EXERCISE OBJECTIVE: The records below must be reproduced in full and without error.

EXERCISE DATA:
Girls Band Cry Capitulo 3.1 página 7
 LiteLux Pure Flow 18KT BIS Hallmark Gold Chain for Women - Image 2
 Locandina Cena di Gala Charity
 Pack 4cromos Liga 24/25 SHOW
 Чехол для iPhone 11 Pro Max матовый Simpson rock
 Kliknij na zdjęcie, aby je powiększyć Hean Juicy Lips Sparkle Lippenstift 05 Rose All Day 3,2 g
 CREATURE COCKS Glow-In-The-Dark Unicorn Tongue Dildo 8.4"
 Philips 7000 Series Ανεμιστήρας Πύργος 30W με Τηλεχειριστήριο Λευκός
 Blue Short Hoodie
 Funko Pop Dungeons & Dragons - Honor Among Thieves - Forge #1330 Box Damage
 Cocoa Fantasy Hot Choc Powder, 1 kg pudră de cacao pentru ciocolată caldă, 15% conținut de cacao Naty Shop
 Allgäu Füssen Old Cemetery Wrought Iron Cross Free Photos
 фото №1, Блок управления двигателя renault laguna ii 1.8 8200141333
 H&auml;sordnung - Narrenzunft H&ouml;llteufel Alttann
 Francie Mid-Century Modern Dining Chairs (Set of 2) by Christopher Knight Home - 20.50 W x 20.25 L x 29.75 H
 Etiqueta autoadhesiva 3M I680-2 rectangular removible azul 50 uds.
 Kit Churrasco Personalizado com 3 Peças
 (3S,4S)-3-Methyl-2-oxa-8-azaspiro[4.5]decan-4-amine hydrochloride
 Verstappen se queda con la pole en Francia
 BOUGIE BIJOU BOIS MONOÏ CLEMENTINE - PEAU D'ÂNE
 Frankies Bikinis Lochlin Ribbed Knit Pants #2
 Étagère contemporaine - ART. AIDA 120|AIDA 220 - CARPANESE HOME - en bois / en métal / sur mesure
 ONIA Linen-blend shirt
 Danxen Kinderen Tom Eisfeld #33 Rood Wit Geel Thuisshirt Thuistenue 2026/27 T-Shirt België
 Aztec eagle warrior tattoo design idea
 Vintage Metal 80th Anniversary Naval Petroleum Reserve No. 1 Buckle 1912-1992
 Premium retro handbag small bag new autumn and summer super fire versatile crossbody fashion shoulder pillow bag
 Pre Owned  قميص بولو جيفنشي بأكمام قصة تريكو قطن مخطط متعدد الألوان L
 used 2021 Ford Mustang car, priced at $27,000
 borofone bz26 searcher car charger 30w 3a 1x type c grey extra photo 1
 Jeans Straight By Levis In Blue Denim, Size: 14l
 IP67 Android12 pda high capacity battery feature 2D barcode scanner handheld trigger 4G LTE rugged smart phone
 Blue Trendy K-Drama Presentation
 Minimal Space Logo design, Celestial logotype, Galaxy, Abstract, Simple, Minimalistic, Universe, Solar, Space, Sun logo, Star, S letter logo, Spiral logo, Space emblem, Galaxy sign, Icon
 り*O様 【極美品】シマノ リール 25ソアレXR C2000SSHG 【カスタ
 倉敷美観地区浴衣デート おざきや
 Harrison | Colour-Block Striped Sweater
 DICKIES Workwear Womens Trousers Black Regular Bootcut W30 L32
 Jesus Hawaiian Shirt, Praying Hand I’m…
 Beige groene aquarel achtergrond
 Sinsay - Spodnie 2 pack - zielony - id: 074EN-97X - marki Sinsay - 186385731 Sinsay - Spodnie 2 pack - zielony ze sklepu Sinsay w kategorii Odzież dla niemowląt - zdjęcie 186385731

SOLUTION:
Girls Band Cry Capitulo 3.1 página 7
 LiteLux Pure Flow 18KT BIS Hallmark Gold Chain for Women - Image 2
 Locandina Cena di Gala Charity
 Pack 4cromos Liga 24/25 SHOW
 Чехол для iPhone 11 Pro Max матовый Simpson rock
 Kliknij na zdjęcie, aby je powiększyć Hean Juicy Lips Sparkle Lippenstift 05 Rose All Day 3,2 g
 CREATURE COCKS Glow-In-The-Dark Unicorn Tongue Dildo 8.4"
 Philips 7000 Series Ανεμιστήρας Πύργος 30W με Τηλεχειριστήριο Λευκός
 Blue Short Hoodie
 Funko Pop Dungeons & Dragons - Honor Among Thieves - Forge #1330 Box Damage
 Cocoa Fantasy Hot Choc Powder, 1 kg pudră de cacao pentru ciocolată caldă, 15% conținut de cacao Naty Shop
 Allgäu Füssen Old Cemetery Wrought Iron Cross Free Photos
 фото №1, Блок управления двигателя renault laguna ii 1.8 8200141333
 H&auml;sordnung - Narrenzunft H&ouml;llteufel Alttann
 Francie Mid-Century Modern Dining Chairs (Set of 2) by Christopher Knight Home - 20.50 W x 20.25 L x 29.75 H
 Etiqueta autoadhesiva 3M I680-2 rectangular removible azul 50 uds.
 Kit Churrasco Personalizado com 3 Peças
 (3S,4S)-3-Methyl-2-oxa-8-azaspiro[4.5]decan-4-amine hydrochloride
 Verstappen se queda con la pole en Francia
 BOUGIE BIJOU BOIS MONOÏ CLEMENTINE - PEAU D'ÂNE
 Frankies Bikinis Lochlin Ribbed Knit Pants #2
 Étagère contemporaine - ART. AIDA 120|AIDA 220 - CARPANESE HOME - en bois / en métal / sur mesure
 ONIA Linen-blend shirt
 Danxen Kinderen Tom Eisfeld #33 Rood Wit Geel Thuisshirt Thuistenue 2026/27 T-Shirt België
 Aztec eagle warrior tattoo design idea
 Vintage Metal 80th Anniversary Naval Petroleum Reserve No. 1 Buckle 1912-1992
 Premium retro handbag small bag new autumn and summer super fire versatile crossbody fashion shoulder pillow bag
 Pre Owned  قميص بولو جيفنشي بأكمام قصة تريكو قطن مخطط متعدد الألوان L
 used 2021 Ford Mustang car, priced at $27,000
 borofone bz26 searcher car charger 30w 3a 1x type c grey extra photo 1
 Jeans Straight By Levis In Blue Denim, Size: 14l
 IP67 Android12 pda high capacity battery feature 2D barcode scanner handheld trigger 4G LTE rugged smart phone
 Blue Trendy K-Drama Presentation
 Minimal Space Logo design, Celestial logotype, Galaxy, Abstract, Simple, Minimalistic, Universe, Solar, Space, Sun logo, Star, S letter logo, Spiral logo, Space emblem, Galaxy sign, Icon
 り*O様 【極美品】シマノ リール 25ソアレXR C2000SSHG 【カスタ
 倉敷美観地区浴衣デート おざきや
 Harrison | Colour-Block Striped Sweater
 DICKIES Workwear Womens Trousers Black Regular Bootcut W30 L32
 Jesus Hawaiian Shirt, Praying Hand I’m…
 Beige groene aquarel achtergrond
 Sinsay - Spodnie 2 pack - zielony - id: 074EN-97X - marki Sinsay - 186385731 Sinsay - Spodnie 2 pack - zielony ze sklepu Sinsay w kategorii Odzież dla niemowląt - zdjęcie 186385731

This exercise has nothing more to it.